The National Football League (NFL) will help financially support a research initiative to understand the nature of traumatic brain injury and better diagnose concussions. The program will be run by the National Institutes of Health (NIH), which has selected eight projects that will aim to understand how the brain changes after head injury and multiple concussions.
“We need to be able to predict which patterns of injury are rapidly reversible and which are not. This program will help researchers get closer to answering some of the important questions about concussion for our youth who play sports and their parents,” Story Landis, director of the National Institute of Neurological Disorders and Stroke (NINDS), said in an announcement.
The NFL has gained negative publicity with regard to how they have handled the incidence of concussions and its effect on current as well as retired players. High profile players have displayed symptoms that have been associated with repeated head injury and concussions, ranging from memory loss to suicide — albeit not without the causation-versus-correlation debate. Coverage of the issue has described how the league initially denied the evident health toll the high-impact sport was having on players for the sake of protecting business interests.
For instance, approximately eight years ago, Bennet Omalu, a forensic pathologist and associate clinical professor in the UC Davis Department of Medical Pathology, discovered chronic traumatic encephalopathy (CTE) — a form of progressive brain degeneration — after conducting autopsies on a retired football player. When Omalu published his findings and associated the illness he discovered with repeated mild traumatic brain injury incurred during a football career, NFL doctors immediately attempted to discredit him and his finding.
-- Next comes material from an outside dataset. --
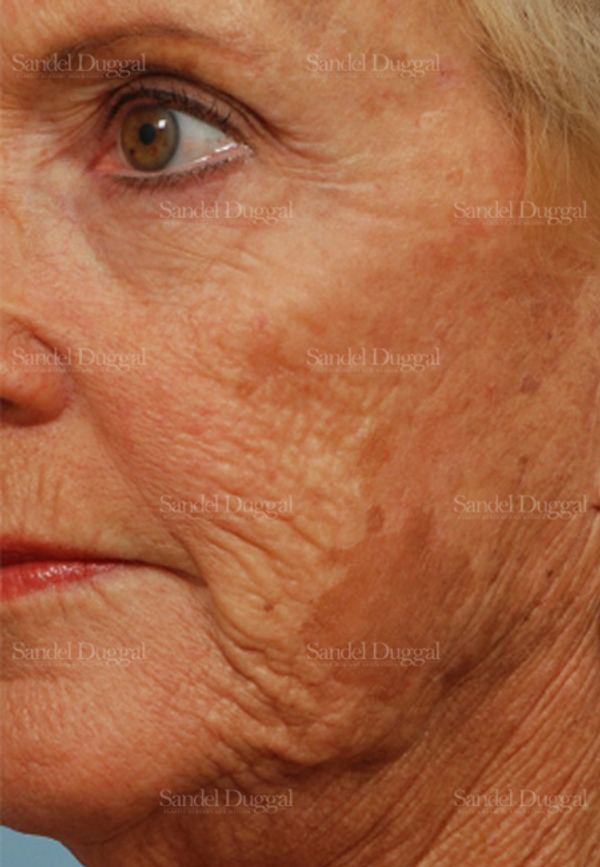 Laser Skin Resurfacing before, case 2963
Altogether, Omalu has claimed that all NFL players he has examined displayed a certain degree of CTE while the NFL has conceded that this is something that needs to be looked into — thus their support for this NIH program.
Traumatic brain injury, according to the NIH, is the leading cause of death in young adults. It has garnered attention of late due to a deeper understanding of how repeated concussions can lead to long-term effects, especially when young military personnel to professional athletes often experience head injuries. Concussions remain a medical mystery as there isn’t a standard way to reliably diagnose them, gauge their severity and know how quickly someone will recover.
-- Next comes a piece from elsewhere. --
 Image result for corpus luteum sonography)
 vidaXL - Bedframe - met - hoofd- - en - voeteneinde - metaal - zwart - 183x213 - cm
The NIH program will fund two large projects that will detail long-term changes that brains display years after a head injury or multiple concussions. It will also fund six smaller projects that will assess what happens to the brain immediately after a sport-related concussion. Altogether, ten neuropathologists will study the brain tissue of a plethora of donors who had varying degrees of traumatic brain injury (TBI) to establish a more reliable standard of diagnosis.
Brain scans will also be used to assess changes in brain tissue and diagnose chronic outcomes of TBI in living individuals. In addition, a registry will be developed to enroll potential donors who have a history of TBI.